The University has already upgraded spaces in Green Hall, Frist Campus Center and Friend Center to promote active learning. Laura Kalin, assistant professor of linguistics, has taught in what’s known as the active learning classroom in Green Hall.
“I absolutely love the layout and the versatility — the active learning setup has completely transformed how I'm able to teach my classes,” Kalin said. “There is no way that I could have accomplished my course goals without an active classroom.”
Kalin’s students were able to reconfigure the desks and use the mobile white boards for group discussions and exercises.
“The geometric tables are so easy to manipulate into different configurations depending on our needs, where in a regular classroom you're basically stuck with one configuration,” she said. “The small group discussions allowed students to process and think beyond the course material. Some students told me how awesome the active classroom is, and how meaningful it is to have a class where they engage hands-on with the material and work so closely with each other.”
Nancy Lape, the William R. Kenan, Jr.
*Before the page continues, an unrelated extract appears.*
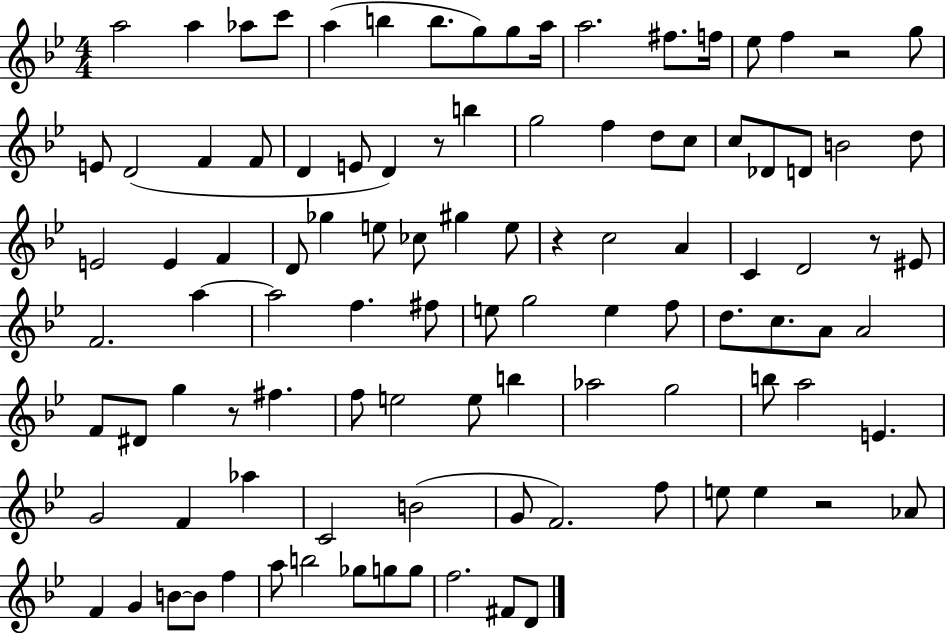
A5/h A5/q Ab5/e C6/e A5/q B5/q B5/e. G5/e G5/e A5/s A5/h. F#5/e. F5/s Eb5/e F5/q R/h G5/e E4/e D4/h F4/q F4/e D4/q E4/e D4/q R/e B5/q G5/h F5/q D5/e C5/e C5/e Db4/e D4/e B4/h D5/e E4/h E4/q F4/q D4/e Gb5/q E5/e CES5/e G#5/q E5/e R/q C5/h A4/q C4/q D4/h R/e EIS4/e F4/h. A5/q A5/h F5/q. F#5/e E5/e G5/h E5/q F5/e D5/e. C5/e. A4/e A4/h F4/e D#4/e G5/q R/e F#5/q. F5/e E5/h E5/e B5/q Ab5/h G5/h B5/e A5/h E4/q. G4/h F4/q Ab5/q C4/h B4/h G4/e F4/h. F5/e E5/e E5/q R/h Ab4/e F4/q G4/q B4/e B4/e F5/q A5/e B5/h Gb5/e G5/e G5/e F5/h. F#4/e D4/e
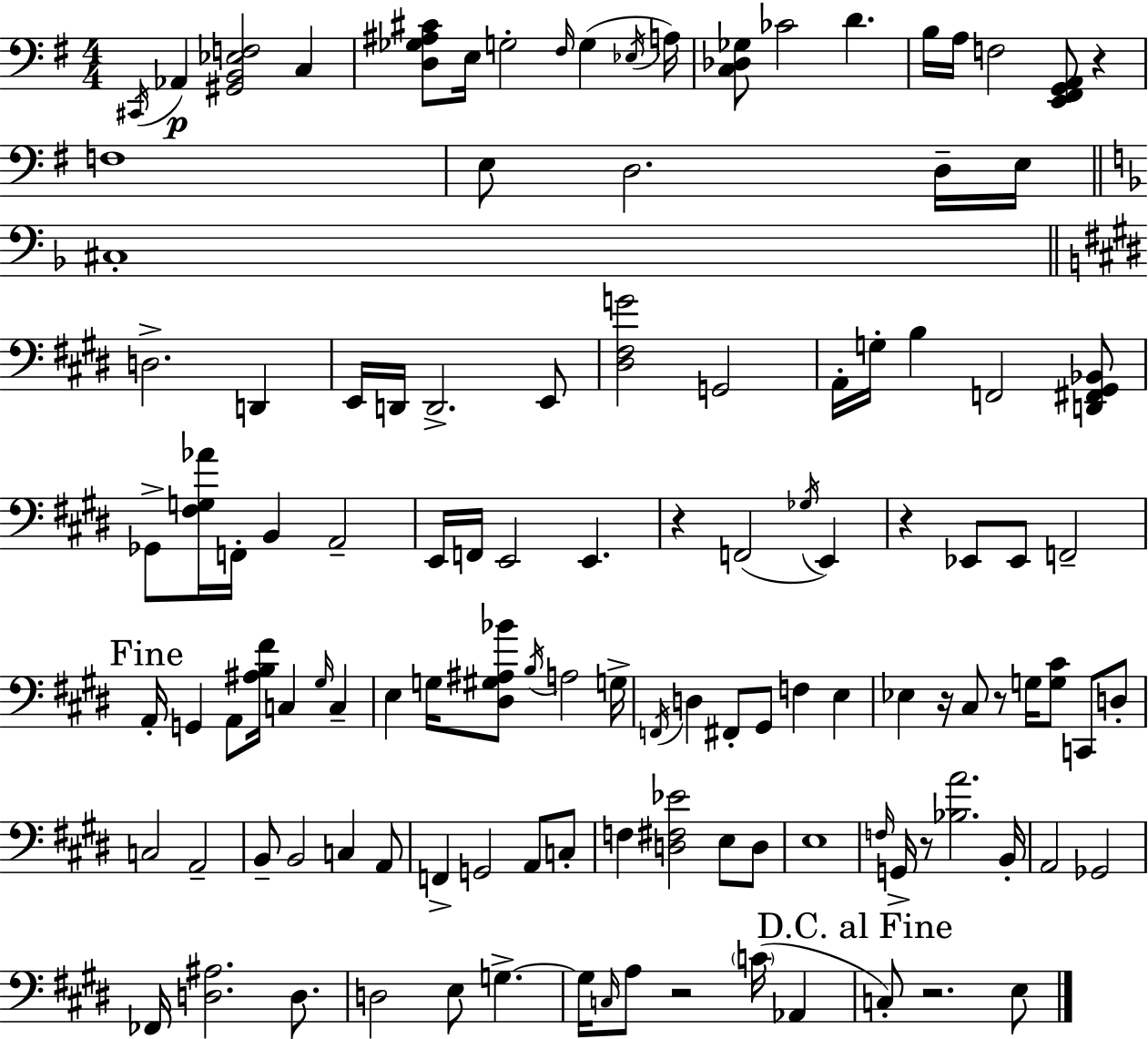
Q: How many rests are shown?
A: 8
Visiting Professor for Distinguished Teaching, evaluated many rooms before requesting the Green Hall space for her course “Separations in Chemical Engineering and Biotechnology.” Lape is a professor of engineering at Harvey Mudd College and a visiting professor of chemical and biological engineering at Princeton this year.
“At Harvey Mudd College, we built a new teaching building a few years ago that almost exclusively contains rooms with moveable tables and chairs,” Lape said. “I use lots of group work. Students can work together in different-sized teams, even moving into different configurations during a class. I base my teaching methods on STEM education research and proven best practices, and I absolutely would not be able to teach the way that I do without an active learning space.”